Over 92 million Nigerians lack access to electricity, according to the Energy Progress Report, by the International Energy Agency (IEA) in 2022.

Some entrepreneurs like Okemefula rely on fuel-powered generator sets to back up electricity supply for their businesses, which spikes the cost of services.

Johnson Simon, who works as an attendant in one of the food shops at the market, also spoke on the inadequate power supply.

“Before, we were using one Mikano generator set. People were contributing money weekly.
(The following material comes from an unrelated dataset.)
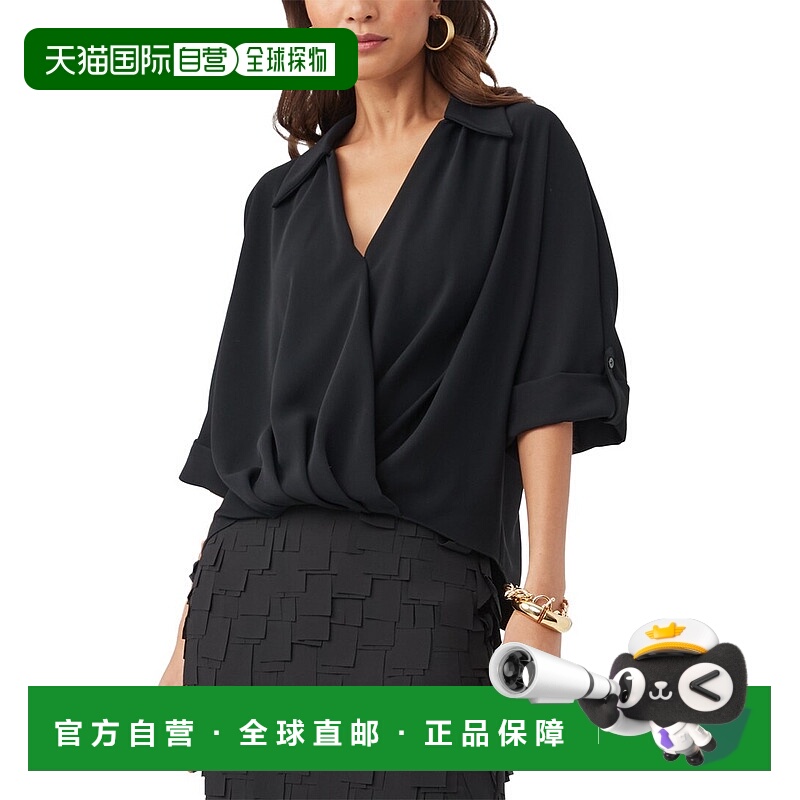 自营Trina Turk Otto 上衣 - 黑色 女装美国直发奥莱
But now, the generator for our line is spoilt, so unless you buy your own generator, you have to depend on NEPA light,” he said, referring to the electricity distribution company.

He said a minimum of N3,000 is usually spent on fuel weekly, which amounts to N12,000 a month and N144,000 annually.

A 2021 report by the World Bank estimated the economic cost of power shortages in Nigeria to be $28 billion, about 2 per cent of the country’s Gross Domestic Product (GDP).






     

     

    Oftentimes, getting petrol is an arduous task for entrepreneurs, as the country suffers from recurrent episodes of fuel scarcity, due to dysfunctional refineries and a heavy dependence on imported fuel, despite being one of the largest oil-producing states globally.

    However, Isiaka thinks that business generally thrives in the market, and though operating a different line of the same business, Okeke shares similar sentiments with him.

    After over five years spent selling phone accessories at the Zone 1 GSM Village, Okeke argues that business is good, as one could make at least N5,000 in profit from selling phone accessories on a bad market day.

    But as he locks up every evening, the aluminium door of his mobile container shop is a constant reminder that the market is yet another temporary settlement.